- Work to complete -
Below are the entries. Print only the lines starting at the one with "Sau vụ cháy" and ending at the one with "Dress (Carerinna Life)", exactly, with no pictures.

- Input for this task -
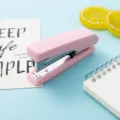 Macaron pink portable handheld stapler for students, compact office and school binding tool. - Pink Single Pack (8014)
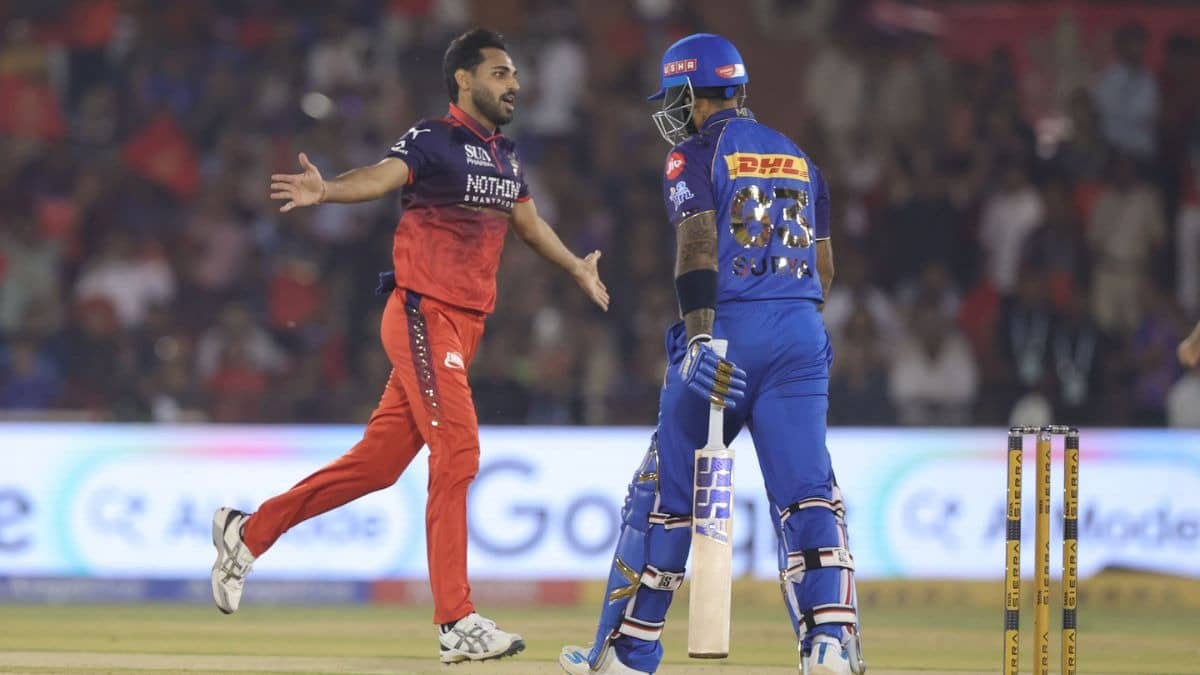 Royal Challengers Bengaluru vs Mumbai Indians IPL 54 Match Result
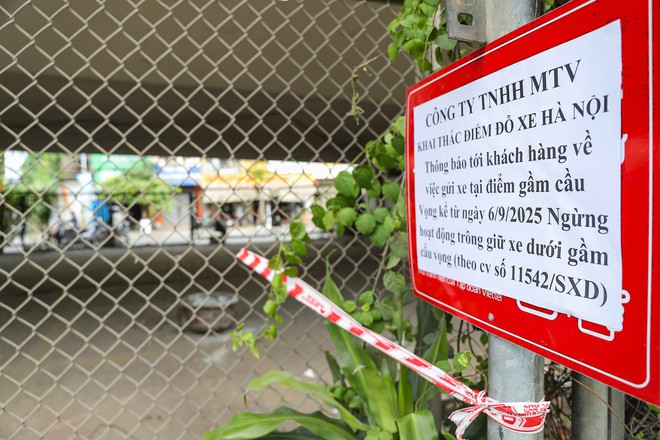 Sau vụ cháy 500 xe máy, hàng trăm phương tiện vẫn nằm dưới gầm cầu Vĩnh Tuy: Chính quyền nói gì?- Ảnh 4.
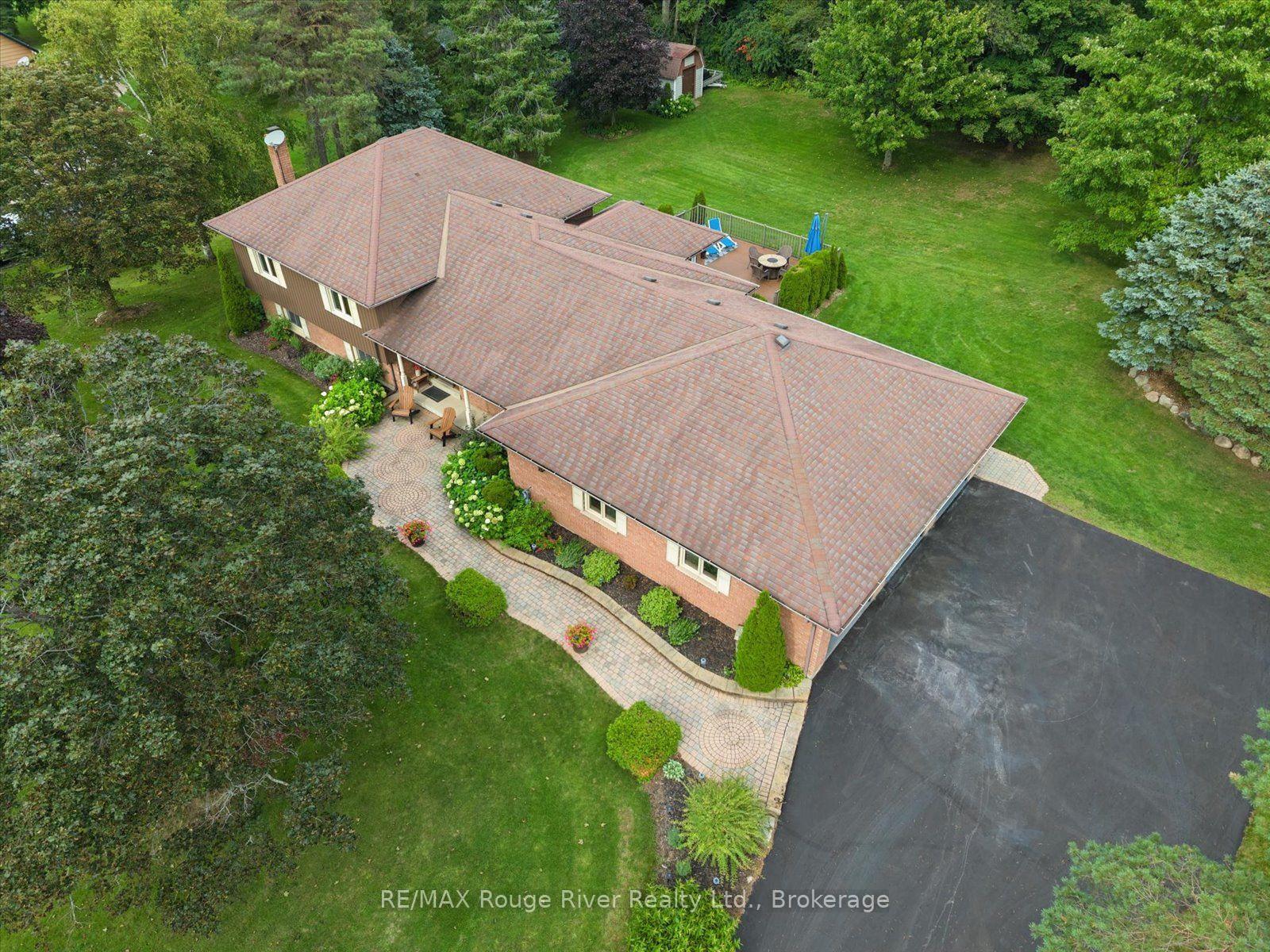Photo 3 of 35 Royal Estate Drive, Kawartha Lakes, Pontypool — HOMEH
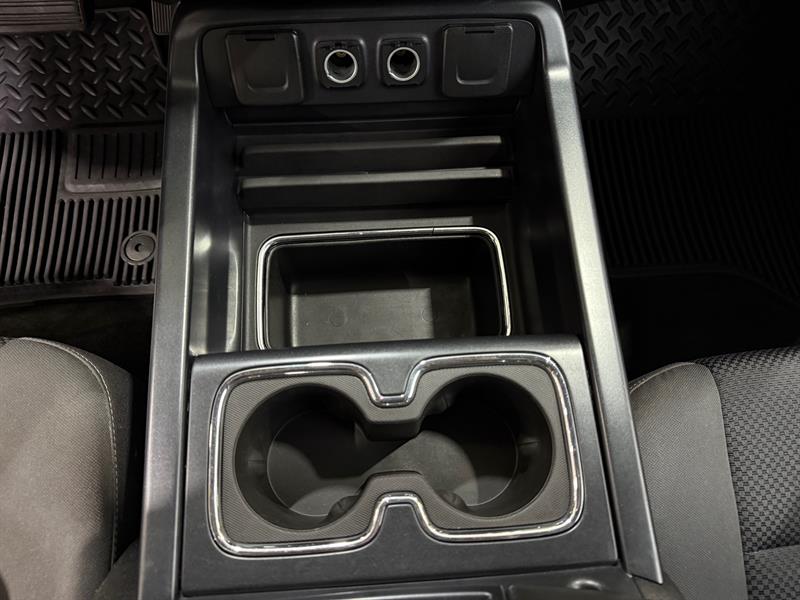 chevrolet Silverado 1500 2017 - 23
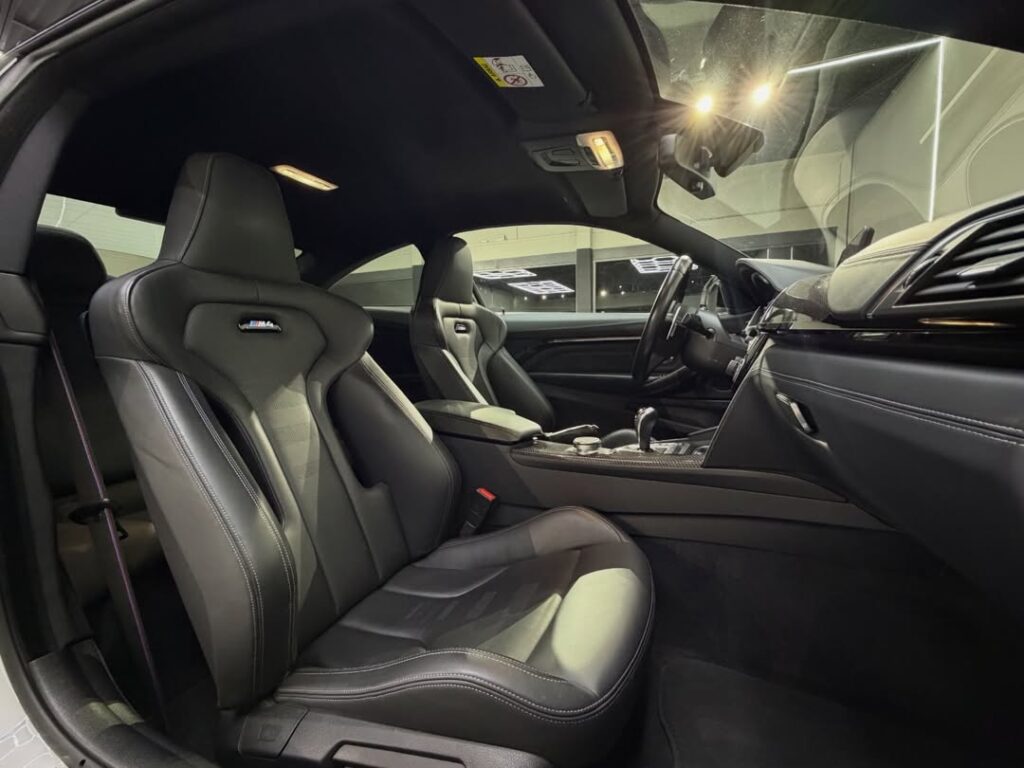 vehiculo interior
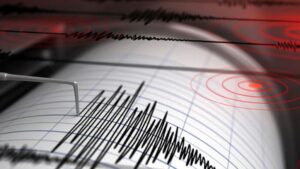 Ege Denizi'nde Korku Sarsıntısı: 5.3 Büyüklüğünde Deprem Bölgeyi Titretti!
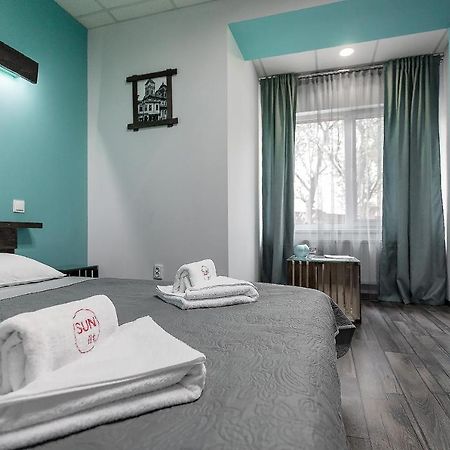 Hotel Sunlit Ivano-Frankivsk Esterno foto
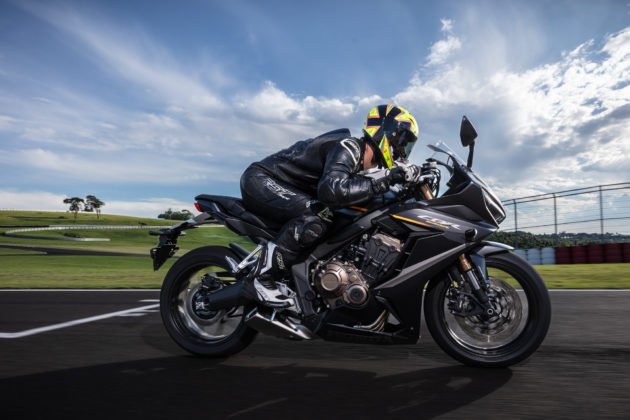 honda-cbr-650r-2023-movimento-39-630x420.jpg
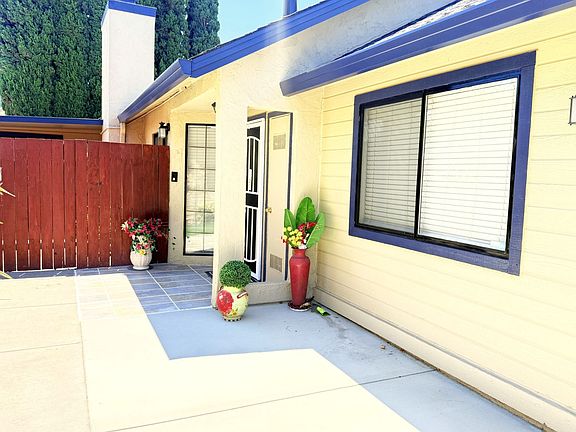 2nd image of 208 Grovewood Loop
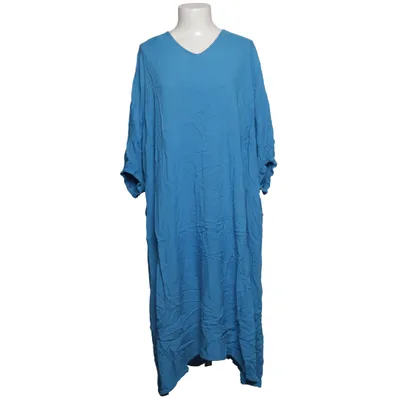 Dress (Carerinna Life) from ONLY Carmakoma Viscose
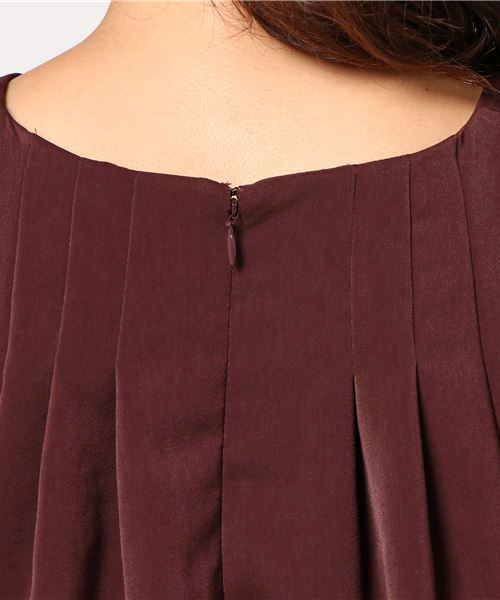 STUDIOUS（ステュディオス）の「【STUDIOUS】ピーチスリットブラウス（シャツ/ブラウス・レディース・バーガンディー/ベージュ/ネイビー・FREE）」の4枚目の写真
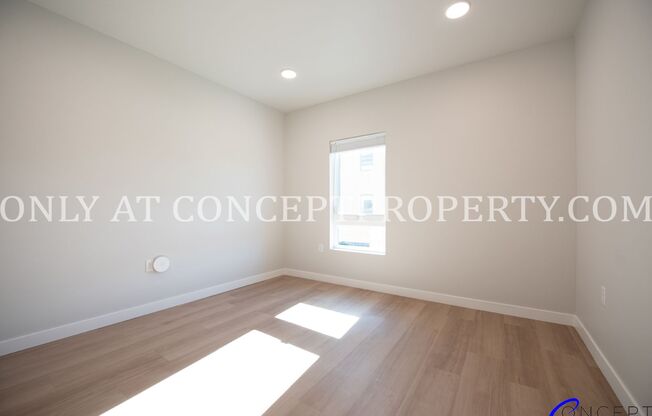 Studio, 1 bath, 300 sqft, $1,399, Unit 1-223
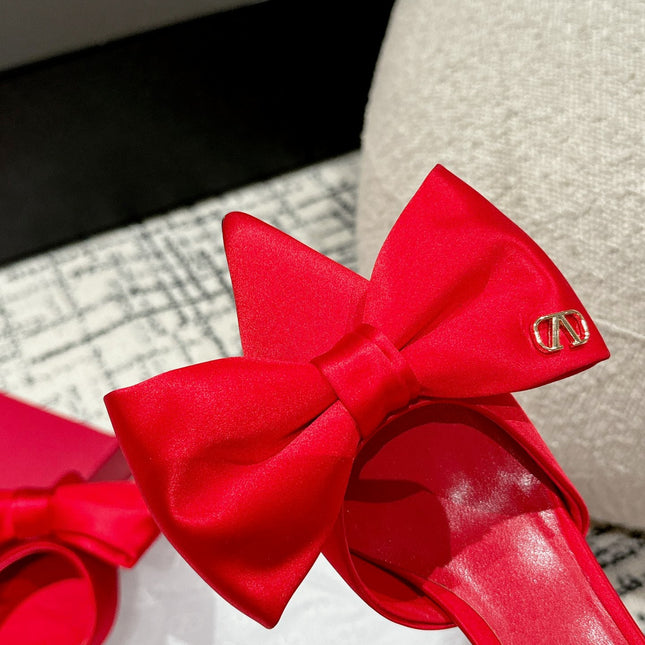 HIGH MULE IN CHERRY RED SILK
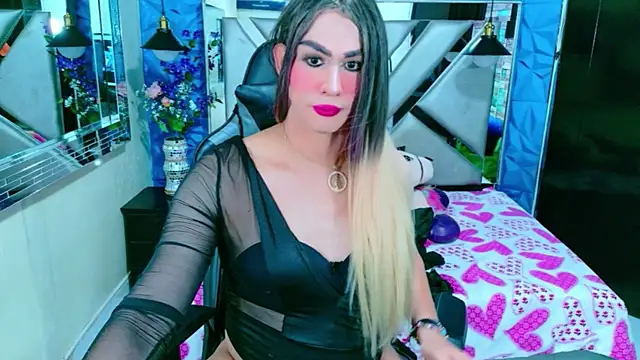 Nicolle Morrisx online show from April 29, 8:15 pm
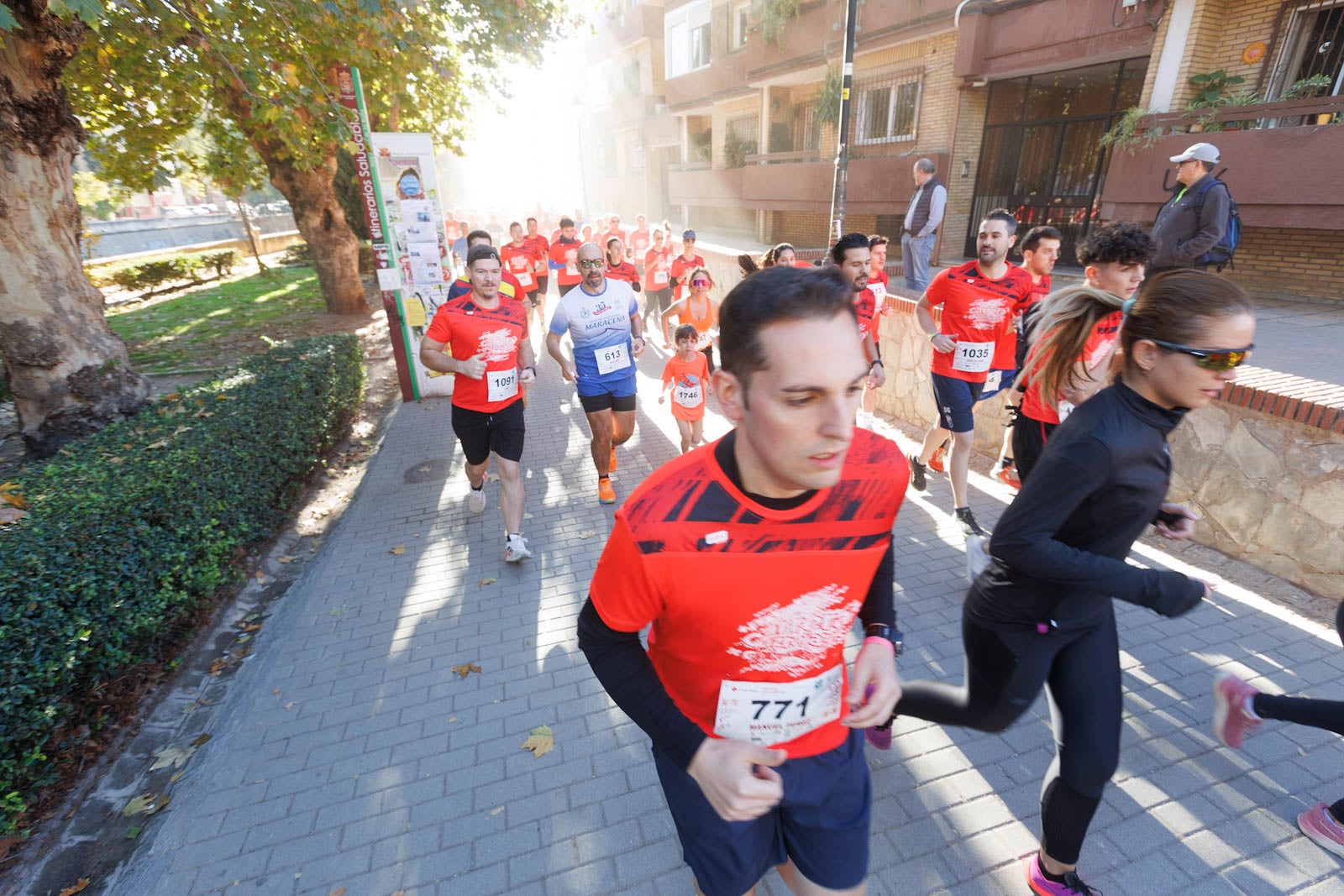 Encuéntrate en la carrera de la Cruz Roja en Granada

- Solution -
 Sau vụ cháy 500 xe máy, hàng trăm phương tiện vẫn nằm dưới gầm cầu Vĩnh Tuy: Chính quyền nói gì?- Ảnh 4.
Photo 3 of 35 Royal Estate Drive, Kawartha Lakes, Pontypool — HOMEH
 chevrolet Silverado 1500 2017 - 23
 vehiculo interior
 Ege Denizi'nde Korku Sarsıntısı: 5.3 Büyüklüğünde Deprem Bölgeyi Titretti!
 Hotel Sunlit Ivano-Frankivsk Esterno foto
 honda-cbr-650r-2023-movimento-39-630x420.jpg
 2nd image of 208 Grovewood Loop
 Dress (Carerinna Life) from ONLY Carmakoma Viscose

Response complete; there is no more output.